*** Begin section ***
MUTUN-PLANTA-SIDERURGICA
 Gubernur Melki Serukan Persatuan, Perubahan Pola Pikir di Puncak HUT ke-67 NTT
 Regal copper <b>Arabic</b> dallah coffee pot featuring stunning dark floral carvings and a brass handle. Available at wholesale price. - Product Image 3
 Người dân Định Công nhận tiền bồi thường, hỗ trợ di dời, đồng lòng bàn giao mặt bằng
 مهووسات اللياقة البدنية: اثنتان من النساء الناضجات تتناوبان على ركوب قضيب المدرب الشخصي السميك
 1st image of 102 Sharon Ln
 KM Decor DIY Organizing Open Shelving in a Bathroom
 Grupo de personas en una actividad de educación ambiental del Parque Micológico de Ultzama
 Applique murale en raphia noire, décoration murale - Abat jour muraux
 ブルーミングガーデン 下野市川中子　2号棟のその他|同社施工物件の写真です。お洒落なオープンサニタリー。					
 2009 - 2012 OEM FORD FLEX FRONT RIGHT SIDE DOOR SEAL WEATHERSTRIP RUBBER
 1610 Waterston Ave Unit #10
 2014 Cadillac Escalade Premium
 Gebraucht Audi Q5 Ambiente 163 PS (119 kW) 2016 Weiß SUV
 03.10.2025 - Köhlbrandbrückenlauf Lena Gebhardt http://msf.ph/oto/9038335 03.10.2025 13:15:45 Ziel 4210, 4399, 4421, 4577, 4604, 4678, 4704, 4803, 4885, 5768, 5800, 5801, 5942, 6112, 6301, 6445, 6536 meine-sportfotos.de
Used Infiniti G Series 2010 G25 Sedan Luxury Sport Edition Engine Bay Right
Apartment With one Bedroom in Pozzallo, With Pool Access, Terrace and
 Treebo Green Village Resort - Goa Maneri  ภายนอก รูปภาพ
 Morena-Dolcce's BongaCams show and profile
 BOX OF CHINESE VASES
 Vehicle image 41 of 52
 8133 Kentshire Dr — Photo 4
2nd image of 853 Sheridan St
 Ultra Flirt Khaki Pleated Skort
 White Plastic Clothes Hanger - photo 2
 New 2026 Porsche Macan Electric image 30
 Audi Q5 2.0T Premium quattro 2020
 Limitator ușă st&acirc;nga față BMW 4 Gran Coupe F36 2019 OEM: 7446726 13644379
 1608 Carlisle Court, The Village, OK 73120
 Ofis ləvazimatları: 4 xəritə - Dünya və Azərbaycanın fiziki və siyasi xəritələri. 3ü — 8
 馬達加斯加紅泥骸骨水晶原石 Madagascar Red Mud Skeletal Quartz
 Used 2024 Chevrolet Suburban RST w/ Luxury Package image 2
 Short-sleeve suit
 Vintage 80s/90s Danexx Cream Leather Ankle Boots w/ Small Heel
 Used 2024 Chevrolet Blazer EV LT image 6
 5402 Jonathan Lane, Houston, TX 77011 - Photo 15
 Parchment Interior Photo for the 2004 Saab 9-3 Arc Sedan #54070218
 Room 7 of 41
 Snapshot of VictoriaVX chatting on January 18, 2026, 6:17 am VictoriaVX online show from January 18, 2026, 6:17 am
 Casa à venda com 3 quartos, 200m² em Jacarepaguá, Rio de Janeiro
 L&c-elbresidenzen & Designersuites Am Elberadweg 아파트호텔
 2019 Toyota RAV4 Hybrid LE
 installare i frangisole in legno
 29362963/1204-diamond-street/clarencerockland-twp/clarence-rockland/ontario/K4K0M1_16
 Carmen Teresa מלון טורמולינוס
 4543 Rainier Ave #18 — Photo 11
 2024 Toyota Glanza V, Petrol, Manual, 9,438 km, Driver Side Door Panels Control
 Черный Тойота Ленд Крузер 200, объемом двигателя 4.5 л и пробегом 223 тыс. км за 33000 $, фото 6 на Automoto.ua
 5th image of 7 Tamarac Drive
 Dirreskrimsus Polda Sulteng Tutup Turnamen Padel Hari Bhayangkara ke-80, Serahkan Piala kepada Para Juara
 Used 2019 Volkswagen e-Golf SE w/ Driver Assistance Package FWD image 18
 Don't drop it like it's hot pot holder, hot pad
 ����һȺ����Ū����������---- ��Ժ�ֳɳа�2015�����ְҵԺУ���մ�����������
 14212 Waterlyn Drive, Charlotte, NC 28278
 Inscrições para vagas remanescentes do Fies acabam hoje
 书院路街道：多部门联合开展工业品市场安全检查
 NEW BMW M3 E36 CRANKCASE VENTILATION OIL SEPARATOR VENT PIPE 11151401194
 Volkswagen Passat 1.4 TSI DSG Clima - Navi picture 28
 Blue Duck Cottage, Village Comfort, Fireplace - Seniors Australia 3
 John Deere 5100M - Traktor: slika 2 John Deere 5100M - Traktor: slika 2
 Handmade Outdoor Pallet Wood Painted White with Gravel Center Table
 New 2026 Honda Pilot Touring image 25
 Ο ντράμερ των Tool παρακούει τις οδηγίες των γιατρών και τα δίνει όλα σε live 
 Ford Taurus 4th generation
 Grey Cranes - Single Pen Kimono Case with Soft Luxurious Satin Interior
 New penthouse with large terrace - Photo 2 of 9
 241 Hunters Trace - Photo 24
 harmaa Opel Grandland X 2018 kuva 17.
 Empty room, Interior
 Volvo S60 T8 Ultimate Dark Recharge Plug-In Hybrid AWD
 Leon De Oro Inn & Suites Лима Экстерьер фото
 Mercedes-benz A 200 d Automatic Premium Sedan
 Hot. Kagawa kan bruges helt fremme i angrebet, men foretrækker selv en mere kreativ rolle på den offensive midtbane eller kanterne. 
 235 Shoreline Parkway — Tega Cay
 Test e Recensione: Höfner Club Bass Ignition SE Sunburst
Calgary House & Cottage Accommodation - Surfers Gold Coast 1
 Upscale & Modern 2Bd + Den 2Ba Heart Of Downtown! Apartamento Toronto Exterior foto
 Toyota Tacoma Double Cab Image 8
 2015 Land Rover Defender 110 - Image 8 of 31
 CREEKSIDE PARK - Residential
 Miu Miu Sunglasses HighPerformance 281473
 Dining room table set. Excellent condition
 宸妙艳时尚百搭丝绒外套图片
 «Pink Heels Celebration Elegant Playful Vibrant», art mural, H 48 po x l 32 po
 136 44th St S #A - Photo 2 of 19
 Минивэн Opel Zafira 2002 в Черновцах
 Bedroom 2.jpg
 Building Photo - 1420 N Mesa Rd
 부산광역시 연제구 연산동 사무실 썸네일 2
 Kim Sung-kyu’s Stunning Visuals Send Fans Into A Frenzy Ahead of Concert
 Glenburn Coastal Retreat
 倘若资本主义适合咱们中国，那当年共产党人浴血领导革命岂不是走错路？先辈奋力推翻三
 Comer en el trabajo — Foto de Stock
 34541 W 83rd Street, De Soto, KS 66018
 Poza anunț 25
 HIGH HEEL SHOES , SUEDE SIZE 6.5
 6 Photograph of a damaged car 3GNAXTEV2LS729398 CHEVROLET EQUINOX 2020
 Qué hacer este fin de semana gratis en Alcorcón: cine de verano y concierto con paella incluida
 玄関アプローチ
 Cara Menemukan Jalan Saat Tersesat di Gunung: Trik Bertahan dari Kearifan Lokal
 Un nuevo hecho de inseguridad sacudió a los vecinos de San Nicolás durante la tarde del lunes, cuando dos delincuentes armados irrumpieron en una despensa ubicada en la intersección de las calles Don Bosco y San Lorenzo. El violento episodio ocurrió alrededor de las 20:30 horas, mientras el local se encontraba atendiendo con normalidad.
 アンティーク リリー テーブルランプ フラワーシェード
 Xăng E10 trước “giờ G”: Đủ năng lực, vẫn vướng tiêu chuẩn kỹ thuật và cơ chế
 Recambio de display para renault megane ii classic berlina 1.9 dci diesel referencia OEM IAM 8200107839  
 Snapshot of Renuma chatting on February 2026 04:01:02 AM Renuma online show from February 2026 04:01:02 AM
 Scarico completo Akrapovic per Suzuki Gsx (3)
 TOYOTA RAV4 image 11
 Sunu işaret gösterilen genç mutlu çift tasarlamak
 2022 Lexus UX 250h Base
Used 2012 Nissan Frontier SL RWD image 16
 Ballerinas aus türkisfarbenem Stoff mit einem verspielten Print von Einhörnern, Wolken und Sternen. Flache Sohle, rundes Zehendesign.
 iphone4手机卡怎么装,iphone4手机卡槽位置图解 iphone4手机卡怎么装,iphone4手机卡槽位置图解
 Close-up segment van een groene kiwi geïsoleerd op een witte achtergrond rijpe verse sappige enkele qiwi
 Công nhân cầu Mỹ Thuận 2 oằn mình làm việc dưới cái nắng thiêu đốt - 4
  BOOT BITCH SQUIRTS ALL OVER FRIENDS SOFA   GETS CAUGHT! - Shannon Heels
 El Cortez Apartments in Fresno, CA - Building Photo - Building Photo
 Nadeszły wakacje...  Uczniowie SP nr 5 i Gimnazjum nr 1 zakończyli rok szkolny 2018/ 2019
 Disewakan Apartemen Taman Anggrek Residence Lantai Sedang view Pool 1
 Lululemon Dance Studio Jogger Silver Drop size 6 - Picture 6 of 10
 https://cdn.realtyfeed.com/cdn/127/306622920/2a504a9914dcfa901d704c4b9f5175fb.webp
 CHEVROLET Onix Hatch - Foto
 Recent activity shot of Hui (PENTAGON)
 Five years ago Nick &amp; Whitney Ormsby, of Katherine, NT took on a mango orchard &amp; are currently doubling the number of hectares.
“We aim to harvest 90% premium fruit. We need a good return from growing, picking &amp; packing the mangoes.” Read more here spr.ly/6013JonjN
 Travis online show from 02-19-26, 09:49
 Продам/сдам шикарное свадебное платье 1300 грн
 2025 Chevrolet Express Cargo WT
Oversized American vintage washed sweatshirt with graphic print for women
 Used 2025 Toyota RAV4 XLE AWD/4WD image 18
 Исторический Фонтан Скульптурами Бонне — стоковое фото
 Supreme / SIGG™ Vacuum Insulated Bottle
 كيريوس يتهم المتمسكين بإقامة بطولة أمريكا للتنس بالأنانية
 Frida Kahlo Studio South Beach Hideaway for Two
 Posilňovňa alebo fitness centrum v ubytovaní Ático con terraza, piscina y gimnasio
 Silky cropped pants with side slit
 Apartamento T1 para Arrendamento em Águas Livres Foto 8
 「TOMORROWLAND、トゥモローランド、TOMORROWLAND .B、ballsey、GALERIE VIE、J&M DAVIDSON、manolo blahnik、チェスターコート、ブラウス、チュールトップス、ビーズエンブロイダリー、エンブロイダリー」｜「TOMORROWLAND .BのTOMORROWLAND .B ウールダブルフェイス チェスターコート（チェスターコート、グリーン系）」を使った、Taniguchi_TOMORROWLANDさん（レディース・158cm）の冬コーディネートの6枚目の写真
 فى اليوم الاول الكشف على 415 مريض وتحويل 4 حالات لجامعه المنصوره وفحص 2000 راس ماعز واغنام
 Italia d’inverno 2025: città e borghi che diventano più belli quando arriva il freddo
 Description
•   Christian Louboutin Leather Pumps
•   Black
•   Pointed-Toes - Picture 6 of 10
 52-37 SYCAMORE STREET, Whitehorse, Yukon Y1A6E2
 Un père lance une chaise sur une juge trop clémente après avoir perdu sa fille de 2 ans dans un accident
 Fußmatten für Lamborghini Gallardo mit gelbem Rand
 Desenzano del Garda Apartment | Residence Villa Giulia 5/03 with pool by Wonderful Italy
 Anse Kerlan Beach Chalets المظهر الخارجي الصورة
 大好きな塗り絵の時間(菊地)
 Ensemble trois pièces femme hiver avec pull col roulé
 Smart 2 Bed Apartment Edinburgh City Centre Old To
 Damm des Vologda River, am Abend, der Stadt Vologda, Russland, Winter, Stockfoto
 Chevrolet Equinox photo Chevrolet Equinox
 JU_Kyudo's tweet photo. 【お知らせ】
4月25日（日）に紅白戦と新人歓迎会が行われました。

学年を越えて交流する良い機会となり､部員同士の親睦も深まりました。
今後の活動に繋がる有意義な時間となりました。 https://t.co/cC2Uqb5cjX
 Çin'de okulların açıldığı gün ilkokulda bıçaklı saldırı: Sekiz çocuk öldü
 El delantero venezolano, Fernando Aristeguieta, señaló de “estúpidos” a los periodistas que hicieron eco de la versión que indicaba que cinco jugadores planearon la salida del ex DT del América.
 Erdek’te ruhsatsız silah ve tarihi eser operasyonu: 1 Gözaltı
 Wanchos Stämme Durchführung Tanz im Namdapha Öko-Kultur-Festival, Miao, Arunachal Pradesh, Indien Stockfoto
*** End section ***
Select, from the listing, all lines that include the word "Used".

**Response to the exercise**
Used Infiniti G Series 2010 G25 Sedan Luxury Sport Edition Engine Bay Right
 Used 2024 Chevrolet Suburban RST w/ Luxury Package image 2
 Used 2024 Chevrolet Blazer EV LT image 6
 Used 2019 Volkswagen e-Golf SE w/ Driver Assistance Package FWD image 18
Used 2012 Nissan Frontier SL RWD image 16
 Used 2025 Toyota RAV4 XLE AWD/4WD image 18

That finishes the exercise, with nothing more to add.